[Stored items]

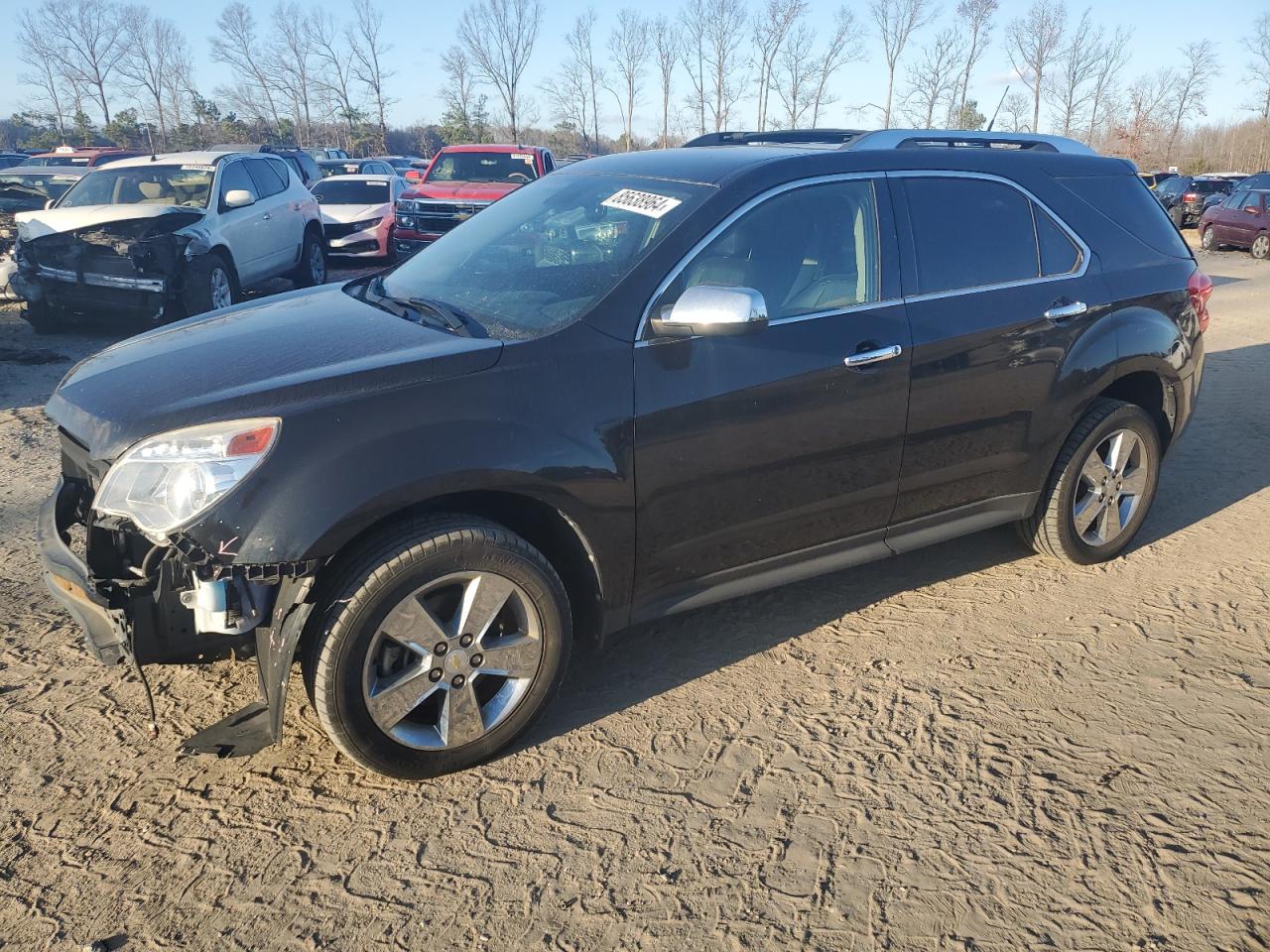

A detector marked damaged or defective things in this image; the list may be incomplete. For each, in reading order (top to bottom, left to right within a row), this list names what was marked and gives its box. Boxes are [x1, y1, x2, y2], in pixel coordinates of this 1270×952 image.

wrecked white car [0, 164, 87, 298]
wrecked white car [13, 153, 324, 334]
detached bumper cover [36, 479, 130, 664]
damaged front bumper [43, 454, 324, 762]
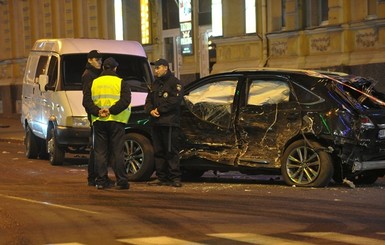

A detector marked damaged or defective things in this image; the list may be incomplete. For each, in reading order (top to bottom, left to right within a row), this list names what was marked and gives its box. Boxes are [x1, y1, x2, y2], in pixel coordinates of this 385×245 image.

shattered side window [183, 79, 237, 128]
crashed car [122, 68, 384, 187]
damaged suv [123, 68, 384, 187]
shattered side window [248, 79, 290, 104]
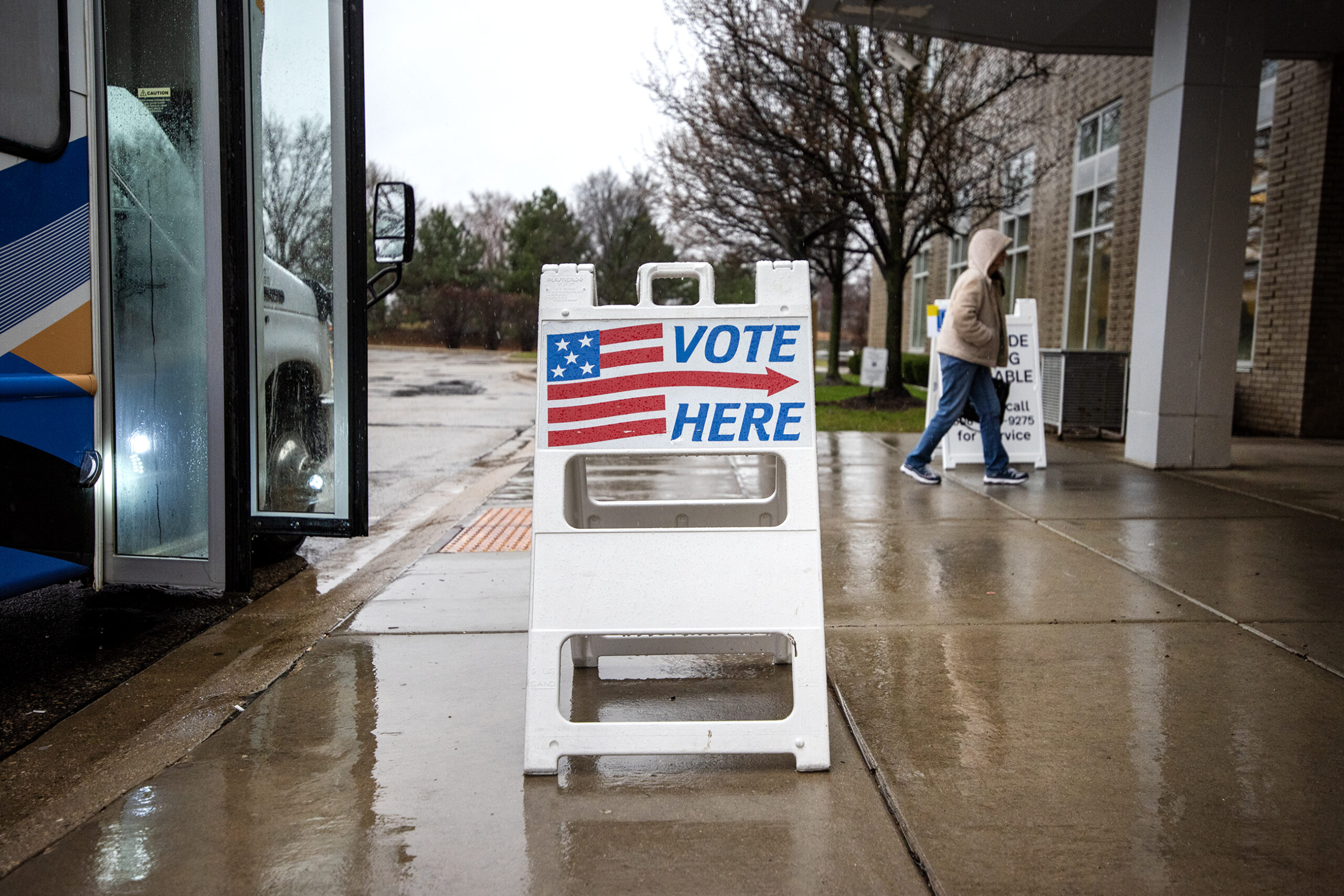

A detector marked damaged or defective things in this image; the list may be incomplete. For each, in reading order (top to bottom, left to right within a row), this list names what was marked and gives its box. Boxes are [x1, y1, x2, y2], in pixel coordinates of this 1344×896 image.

§ WHAT YOU NEED TO DO
The full text of the data above, exact and without pictures, is what to return.

§ YOUR SOLUTION
A detector marked damaged or defective things in this image; the list may be incomplete. For each, in reading order (top to bottom, left to right within a row), this list names what was marked and gives its box. Boxes are [x1, y1, x2, y2], in pixel coordinates of this 1270×952 image.

wrecked white car [0, 164, 87, 298]
wrecked white car [13, 153, 324, 334]
detached bumper cover [36, 479, 130, 664]
damaged front bumper [43, 454, 324, 762]

A detector marked damaged or defective things in this image; the list may be incomplete. For each, in reading order (top to bottom, left to right within a row), this list names what was marked and gives its box. Boxes are [x1, y1, x2, y2], in pixel coordinates of this 385×245 image.

shattered side window [183, 79, 237, 128]
crashed car [122, 68, 384, 187]
damaged suv [123, 68, 384, 187]
shattered side window [248, 79, 290, 104]

A detector marked damaged or defective things in this image; the list may be incomplete. For each, in reading order (top to bottom, left to right within a row), this list names what was marked and gives its box. Boxes are [x1, y1, x2, y2], in pixel coordinates of this 1344×896 image.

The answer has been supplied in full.